# 6/28/2010 - point sur washing machine report



## alantani (Dec 12, 2007)

6/28/2010 - point sur washing machine report

you know, we've had nearly a solid month of windy weather!

i've been watching the weather reports for the last month, looking for a day that we could run back to point sur. the reports finally looked workable - northwest swell 6 feet every 9 seconds, winds from the northwest at 8 knots, and a second southerly swell at 4 feet every 12 seconds. figuring it would be rough no matter what, i put together my "A" team. meet bryan.










you all know jeff.










and it's been a while since you've seen nicole and lynna. 

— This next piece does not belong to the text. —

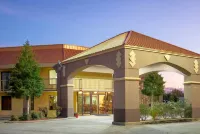 Red Roof Inn & Suites Oxford - parking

you might remember them from this photo 7 years ago when they were 11 years old. the girls are 18 now and are headed off to college this fall!










a mile out of the harbor, i'm hopeful for a fishable day. as we rounded the corner, things deteriorated quickly. i got a quick thumbs up from both kids and we kept on going. what made the run tough was that we had winds coming in from the south. i'm not sure how the national weather service could screw up something as simple as wind direction. 

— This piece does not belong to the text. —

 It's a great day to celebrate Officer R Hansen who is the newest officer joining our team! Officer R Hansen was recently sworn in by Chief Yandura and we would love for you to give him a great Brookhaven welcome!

nicole stuck this nice ling cod on the second drift. 










the kids continued to catch smaller rock fish, leaving jeff and bryan scratching their heads. then the boys fired back with some nice vermillions. 



















still, the girls ended outfishing the boys five to one. 










it was difficult to control the drift while fishing because of the stiff southerly winds, but the run north to return to port was a little easier. 










this was one trip that the girls were glad to see come to an end.


----------



## RuddeDogg (Mar 20, 2004)

Great work. Congrats on the haul.


----------



## TunaFish (Aug 16, 2001)

Wow!!! Thanks for sharing. That's a nice haul and some great looking fish. What type of bait or lures are you using?


----------



## Fishman (Apr 23, 2000)

Perty werk


----------